The tax reality: two countries, one financial life
Perhaps the most important—and often underestimated—aspect of retiring to France as an American is tax reporting.
Unlike most nationalities, US citizens remain subject to US tax obligations regardless of where they live. That means that retiring to France does not replace your US tax responsibilities; it adds a second layer.
You will typically have:
US tax filing obligations (IRS)
French tax filing obligations (Impôts)
France considers you a tax resident if it is your main place of living or the centre of your life. Once that threshold is crossed, you are expected to declare your worldwide income in France.
This includes:
Social Security
Pension withdrawals
Investment income
Interest and dividends
Rental income
France and the United States have a double taxation treaty, which is designed to prevent the same income being taxed twice. However, this does not mean you only file in one country. It means that the two systems interact through credits and allocation rules.

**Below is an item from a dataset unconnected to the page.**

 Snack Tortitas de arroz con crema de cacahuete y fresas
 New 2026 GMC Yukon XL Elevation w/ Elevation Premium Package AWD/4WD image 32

In practice, you will likely:
Declare all income in France
Declare all income in the US
Use treaty provisions and foreign tax credits to avoid double taxation
In addition to income reporting, there is also asset reporting.
France requires the declaration of all non-French accounts, including:
US bank accounts
Brokerage accounts
Retirement accounts (in some cases depending on structure)
Failure to declare these can result in penalties, so this is not an area to overlook.
At the same time, the US has its own reporting requirements for foreign accounts, such as FBAR (FinCEN Form 114)and potentially FATCA reporting.
What this means in reality is that retiring to France as an American involves living within two tax systems at once. It is manageable, but it requires organisation, awareness and often professional support.
Bringing it all together
So what does a well-planned retirement to France from the US actually look like?
It begins with clarity on the visa: the long-stay visitor visa is the most common route, built on financial independence and a commitment not to work.
It continues with a healthcare strategy that recognises there is no S1 safety net. You start with private insurance and transition, where eligible, into the French system.
It includes a deep understanding of pensions and investments—not just what they produce, but how they are taxed, when they should be accessed, and how currency affects them.
And it rests on accepting that tax does not become simpler. It becomes broader. You are no longer operating within one national framework, but two, connected by treaty but still distinct.
The reality behind the dream
And yet, despite all of this, the appeal remains strong.
Because once the systems are in place, once the visa is secured, once the healthcare is arranged, once the tax rhythm becomes familiar, what remains is the life you came for.
The morning market. The slower pace. The sense that retirement is not an ending, but a rebalancing.
France does not remove complexity. But it does offer something in return that many feel is worth the effort: a different way of living, where time feels less pressured, and life feels a little more intentional.
And for those who approach it with preparation rather than assumption, it is not just possible—it can be deeply rewarding.